__Supplied information__
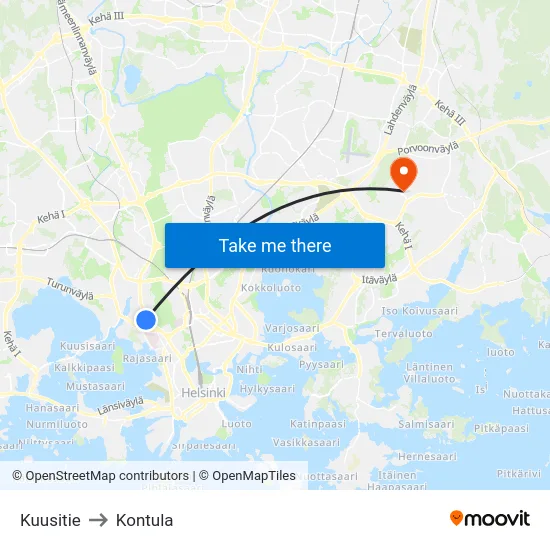 Kuusitie to Kontula map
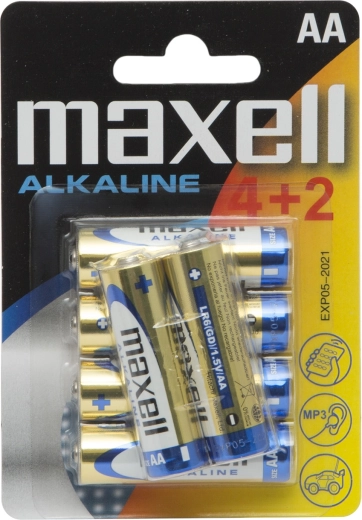 Alkalisk AA LR6-batteri 1,5 V, 6 stk.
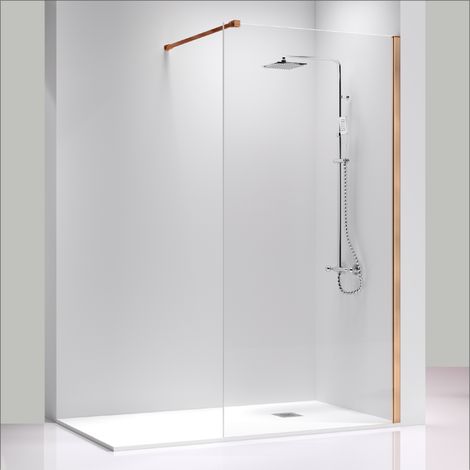 Walk In Duschwand FRESH Rosegold - Glas 8mm / 100 cm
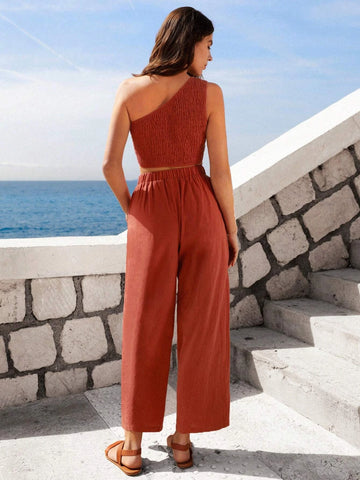 One Shoulder Crop Top & Wide Leg Pants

__Assignment__
Pictures stay out; the data above is to be returned exactly.

__Result of the exercise__
 Kuusitie to Kontula map
 Alkalisk AA LR6-batteri 1,5 V, 6 stk.
 Walk In Duschwand FRESH Rosegold - Glas 8mm / 100 cm
 One Shoulder Crop Top & Wide Leg Pants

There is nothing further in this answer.